Google devices will now receive updates much faster: "Check for update" button gets a new feature

The new change comes as part of the latest Google Play services.

    Google has reportedly added a new feature to its firmware update system and has made the "Check for update" button in Settings pretty useful. The new change comes as part of the latest Google Play services.

    Google devices will now receive updates much faster

    As far as the story goes, Elliott Hughes, a Google engineer, in a blog post explains the new change in a Q&A format and further has said, "The button in Settings to check for update actually works now." "If you're running the latest Google Play Services, you shouldn't need to sideload an OTA or flash a system image just because you're impatient..."

    What's good about the new change is that the feature will now configure the device to check for any update when the request has been made manually. And as mentioned by the Google executive users will not be required to sideload any new OTA or factory image.
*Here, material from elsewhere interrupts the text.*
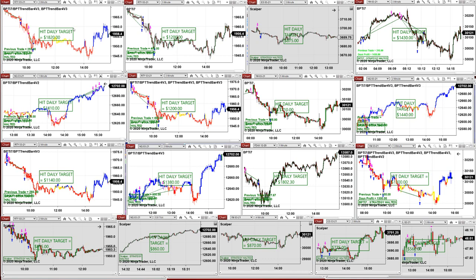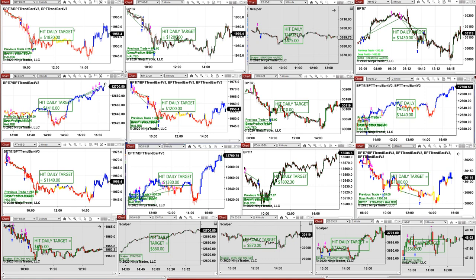Every trader should understand that no matter how experienced you are or how long you've been in the market, you're going to have losing days. New beginners find it very hard to accept that there is risk. If the market is not really moving, the performance will drop. It's not just a push-button — you have to understand how to manage an auto trade: when to start it, when to stop it, and how to manage it.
    The new update process will be very useful because if there is even 1 percent of rollout done and 1 percent users have received the update if you tap the Check for update option it will actually make that update available for your device.

    "When a device checks in because you've specifically asked it to, we flag that this is user-initiated and so you're not subject to the usual limitations. So even if we're at 1 percent rollout and 1 percent of users already have the update, if you manually check you'll still be offered it, even though a background check at the same time wouldn't," Hughes said in his post.
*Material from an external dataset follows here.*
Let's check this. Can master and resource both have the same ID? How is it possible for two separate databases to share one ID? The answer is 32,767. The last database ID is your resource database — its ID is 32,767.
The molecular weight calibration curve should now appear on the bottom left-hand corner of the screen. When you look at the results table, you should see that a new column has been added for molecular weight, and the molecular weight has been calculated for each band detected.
    However, the executive has also mentioned that if a carrier hasn't approved the update, their restrictions will still apply and the updates will not be delivered. The new feature will work on any device that uses Google's OTA system include some non-Nexus/Pixel devices meaning Android One devices. Google Pixel and Nexus devices running the latest Google Play services will support this feature.
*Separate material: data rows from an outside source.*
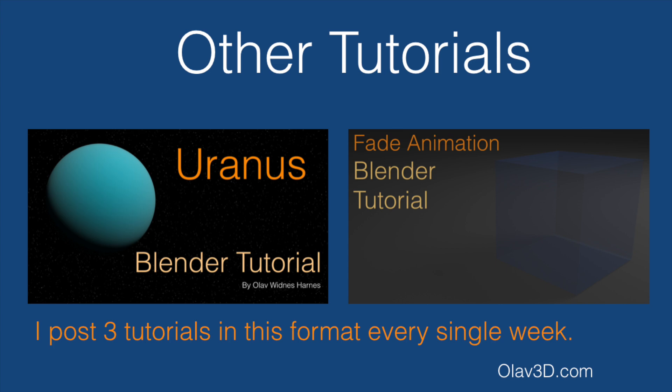That's all for this tutorial. If you want to see more tutorials in this format, just go to my channel. I post three tutorials every single week. Thanks for watching.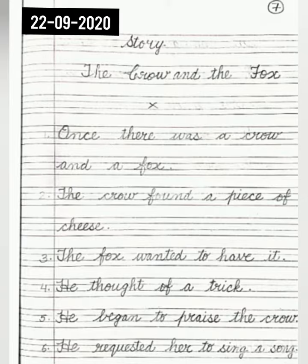Number 4: He thought of a trick. Full stop. Number 5: He began to praise the crow. Full stop. Number 6: He requested her to sing a song. Full stop.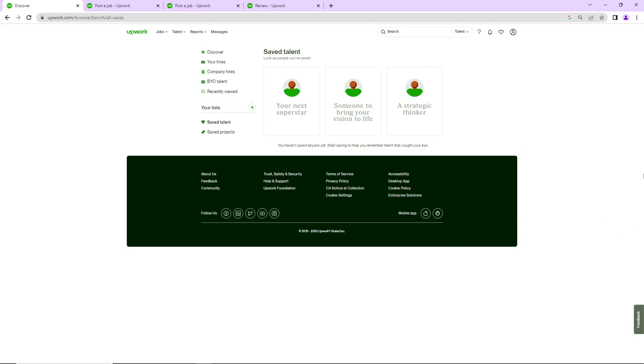Welcome everybody. Today I'm going to show you how to post a job on Upwork. We will go through this tutorial together. Before we get started, don't forget to subscribe and like this video.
    Further, Hughes has said that this is a Google Play Services change and it is not limited to Android Oreo. He explains, "There was no platform-side component to this. The AOSP Settings app basically sends out an intent when you go into the system update section, and if you're using Google's OTA system, Google Play Services steps up and shows its UI. In some cases it will call back into the system - to actually apply an update, for example - but the actual checking in with the Google OTA servers is done by Google Play Services code."